Further relations with the same type of integrated term are:

(m + 1)*INT((A + B*COS(x))*SIN(x)^m*(a + b*COS(x))^n, x)
- INT((((m + 2)*a^2 - b^2)*A + n*(A*b + B*a)*b
+ ((m + n + 1)*A*a + n*B*b)*b*COS(x))
*SIN(x)^(m + 2)*(a + b*COS(x))^(n - 2), x)
- (A*b + B*a + (A*a + B*b)*COS(x))
*SIN(x)^(m + 1)*(a + b*COS(x))^(n - 1) = 0

(n + 1)*(n + 2)*(a^2 - b^2)*b^2*INT((A + B*COS(x))
*SIN(x)^m*(a + b*COS(x))^n, x)
+ (m - 1)*INT(((n + 2)*(A*b - B*a)*b
- ((m + n + 1)*(A*a - B*b)*b - m*B*(a^2 - b^2))*COS(x))
*SIN(x)^(m - 2)*(a + b*COS(x))^(n + 2), x)
+ ((m*a^2 - b^2)*(A*b - B*a) + (n + 1)*A*(a^2 - b^2)*b
+ ((m - 1)*(A*b - B*a)*a + (n + 1)*B*(a^2 - b^2))*b*COS(x))
*SIN(x)^(m - 1)*(a + b*COS(x))^(n + 1) = 0

(n + 1)*(n + 2)*(a^2 - b^2)^2*INT((A + B*COS(x))
*SIN(x)^m*(a + b*COS(x))^n, x)
- INT(((n + 2)*((m + n + 2)*(A*b - B*a)*b + (n + 1)*(A*a - B*b)*a)
- (m + n + 3)*((m + n + 2)*(A*b - B*a)*a
+ (n + 1)*(A*a - B*b)*b)*COS(x))
*SIN(x)^m*(a + b*COS(x))^(n + 2), x)
- (((m + 2*n + 4)*a^2 - b^2)*(A*b - B*a) + (n + 1)*A*(a^2 - b^2)*b
+ ((m + n + 2)*(A*b - B*a)*a + (n + 1)*(A*a - B*b)*b)*b*COS(x))
*SIN(x)^(m + 1)*(a + b*COS(x))^(n + 1) = 0

(m + n)*(m + n + 1)*INT((A + B*COS(x))*SIN(x)^m*(a + b*COS(x))^n, x)
- INT(((m + n + 1)*A*((m + n)*a^2 + (n - 1)*b^2)
+ (m + 2*n - 1)*n*B*a*b + ((m + n + 1)*(m + 2*n - 1)*A*a*b
+ n*B*((n - 1)*a^2 + (m + n)*b^2))*COS(x))
*SIN(x)^m*(a + b*COS(x))^(n - 2), x)
- ((m + n + 1)*A*b + (m + 2*n)*B*a + (m + n)*B*b*COS(x))
*SIN(x)^(m + 1)*(a + b*COS(x))^(n - 1) = 0

For a^2 = b^2 one obtains the simpler recurrences:

(m + 1)*(m + 2*n + 1)*a*INT(SIN(x)^m*(a + b*COS(x))^n, x)
- (m + n + 1)*(m + n + 2)*a*INT(SIN(x)^(m + 2)*(a + b*COS(x))^n, x)
- (n*b + (m + n + 1)*a*COS(x))*SIN(x)^(m + 1)*(a + b*COS(x))^n = 0

(m + 1)*a*INT(SIN(x)^m*(a + b*COS(x))^n, x)
- (m + n + 1)*a^2*INT(SIN(x)^(m + 2)*(a + b*COS(x))^(n - 1), x)
- b*SIN(x)^(m + 1)*(a + b*COS(x))^n = 0

and by analogy with the non-degenerate case also:

(m + 1)*INT(SIN(x)^m*(a + b*COS(x))^n, x)
- (m + 2*n - 1)*a^2*INT(SIN(x)^(m + 2)*(a + b*COS(x))^(n - 2), x)
- 2*b*SIN(x)^(m + 1)*(a + b*COS(x))^(n - 1) = 0

(m + 2*n + 1)*(m + 2*n + 3)*a^2*INT(SIN(x)^m*(a + b*COS(x))^n, x)
- (m + n + 1)*(m + n + 2)*INT(SIN(x)^m*(a + b*COS(x))^(n + 2), x)
+ ((2*m + 3*n + 4)*b + (m + n + 1)*a*COS(x))*a
*SIN(x)^(m + 1)*(a + b*COS(x))^n = 0

These four can be read forward as well as backward.

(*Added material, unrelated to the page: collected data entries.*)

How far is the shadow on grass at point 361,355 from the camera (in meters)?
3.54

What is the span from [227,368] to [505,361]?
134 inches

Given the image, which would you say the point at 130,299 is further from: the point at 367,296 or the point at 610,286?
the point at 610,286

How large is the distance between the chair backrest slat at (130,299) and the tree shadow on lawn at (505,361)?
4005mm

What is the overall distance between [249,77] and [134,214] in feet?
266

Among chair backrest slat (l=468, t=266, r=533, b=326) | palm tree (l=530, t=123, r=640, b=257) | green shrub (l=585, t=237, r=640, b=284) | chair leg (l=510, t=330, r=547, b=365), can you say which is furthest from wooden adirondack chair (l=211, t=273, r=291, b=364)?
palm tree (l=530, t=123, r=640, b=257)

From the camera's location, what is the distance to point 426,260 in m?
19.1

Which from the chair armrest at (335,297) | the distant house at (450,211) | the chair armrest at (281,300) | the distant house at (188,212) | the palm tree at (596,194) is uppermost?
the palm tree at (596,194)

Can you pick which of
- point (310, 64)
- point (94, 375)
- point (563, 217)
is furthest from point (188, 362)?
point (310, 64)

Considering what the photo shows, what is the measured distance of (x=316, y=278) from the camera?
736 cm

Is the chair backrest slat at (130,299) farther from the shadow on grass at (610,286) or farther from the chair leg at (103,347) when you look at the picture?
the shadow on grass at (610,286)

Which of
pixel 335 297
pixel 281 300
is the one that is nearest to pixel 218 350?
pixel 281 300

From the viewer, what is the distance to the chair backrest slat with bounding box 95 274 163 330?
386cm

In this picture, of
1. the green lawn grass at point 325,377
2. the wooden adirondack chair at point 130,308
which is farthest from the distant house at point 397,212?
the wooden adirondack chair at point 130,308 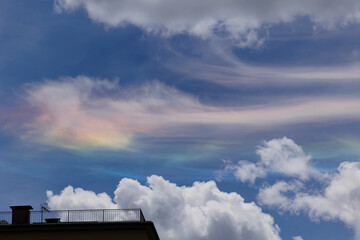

Like the results of
sections 20 and 21 in parts five and six, the relations of this and the
three preceding sections generalize the two-power recurrences under


2.510 in Gradshteyn and Ryzhik.

Recurrences that include an exponential factor EXP(m*x) in the present
integrand or in the complementary integrand of sections 33 and 34
require four numerator terms and are therefore not part of this
compilation (see the introduction to part one). On the other hand, the
numerator complexity remains at three terms when the two-power sine or
cosine integrands from section 8 or section 9 of part two are extended
with just a monomial cosine or monomial sine power, respectively. Along
with their cosine-tangent and sine-cotangent counterparts mentioned in
section 25 of part six, these three-power integrands are excluded here
because of the large number of bulky relations that they satisfy.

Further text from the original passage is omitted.